Atest, jak mówiono podczas Nadzwyczajnego Zgromadzenia Biegłych Rewidentów w Krakowie, pełniłby rolę świadectwa podobnego do normy ISO i gwarantowałby odpowiednią jakość rachunkowości w firmie. Koszt wykonania atestu (czyli uproszczonej procedury rewizyjnej) miałby być niższy od zapłaty za przeprowadzenie pełnego badania przez firmę audytorską. Sprawdzona w ten sposób firma uzyskałaby natomiast swoisty certyfikat bezpiecznego uczestnika obrotu gospodarczego.

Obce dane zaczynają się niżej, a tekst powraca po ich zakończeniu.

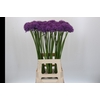 Allium Gladiator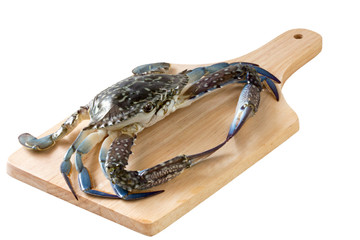 Flower crab, Blue crab, Blue swimmer crab (Portunus pelagicus) on wooden cutting board Isolated on...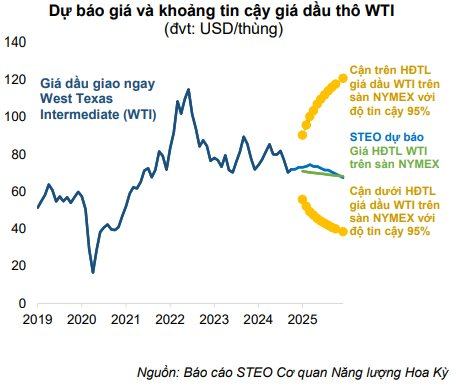 Sở hữu công cụ chuyên đào “kho báu” ngoài khơi, doanh nghiệp Việt làm không hết việc, "siêu dự án" 12 tỷ USD mở ra triển vọng dài hạn- Ảnh 1.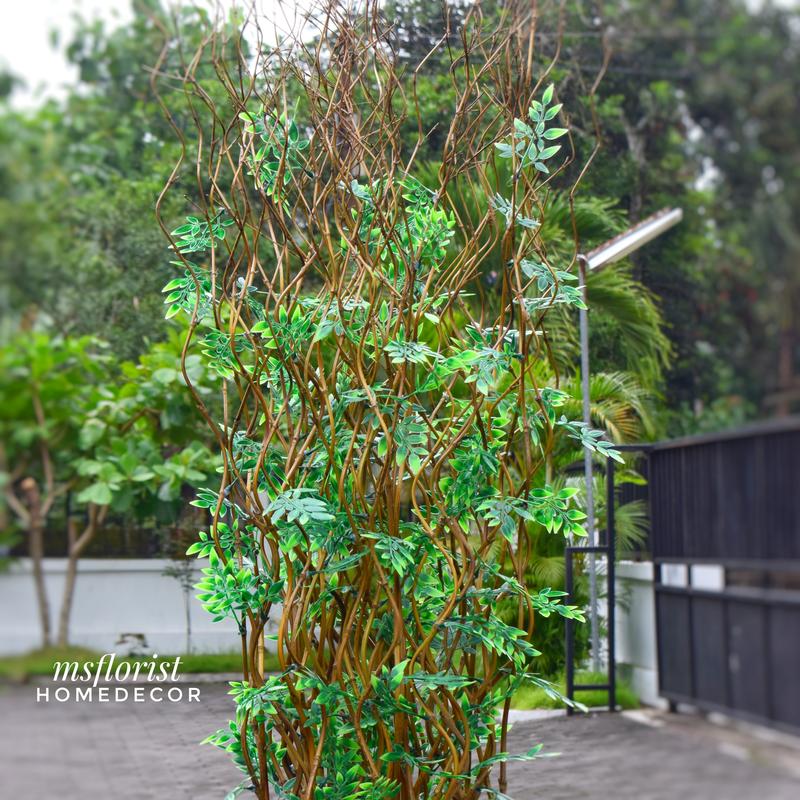 10 Btg Bambu Ulir Cendani Daun Cordelia 142 cm Tanpa Pot - Dekorasi Shabby Warna Natural 8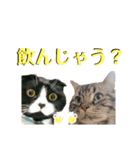 モジャ猫のりんたろう（個別スタンプ：18）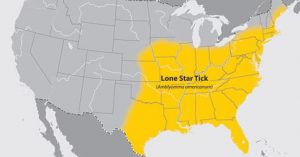 US map of where Lone Star tick can be found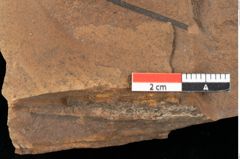 Foto (Detailansicht) von Widdringtonia ungeri Endl. (NHMW-GEO-2024-0188-0128)
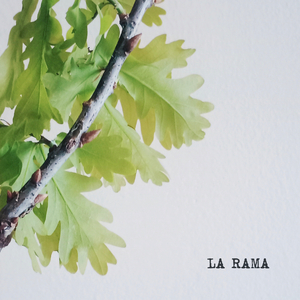 La rama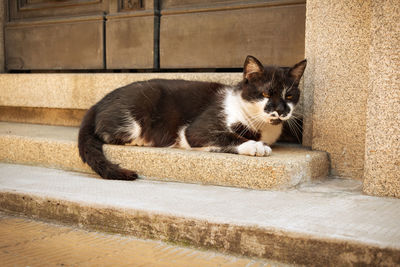 Portrait of cat resting on staircase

W ocenie środowiska biegłych rewidentów, wspomniane nieprawidłowości stwierdza się w wielu z tych przedsiębiorstw, które znowelizowana w 2000 r. ustawa o rachunkowości zwolniła z obowiązkowego badania sprawozdań finansowych. Szacuje się, że wolne od badania zgodności ze standardami rachunkowości są obecnie sprawozdania firm dających ok. 70 proc. produktu krajowego brutto, w których pracuje 67 proc. osób zatrudnionych w kraju. Według biegłych rewidentów, w wyniku noweli ustawy z jednej strony przedsiębiorstwa mają co prawda większą swobodę przy prowadzeniu swoich finansów, z drugiej jednak mogą popełniać błędy wynikające np. z niewłaściwej interpretacji przepisów o rachunkowości. Dotyczy to także największych fundacji i stowarzyszeń, które prowadząc działalność na dużą skalę, nie podlegają rygorom stosowanym wobec podmiotów gospodarczych.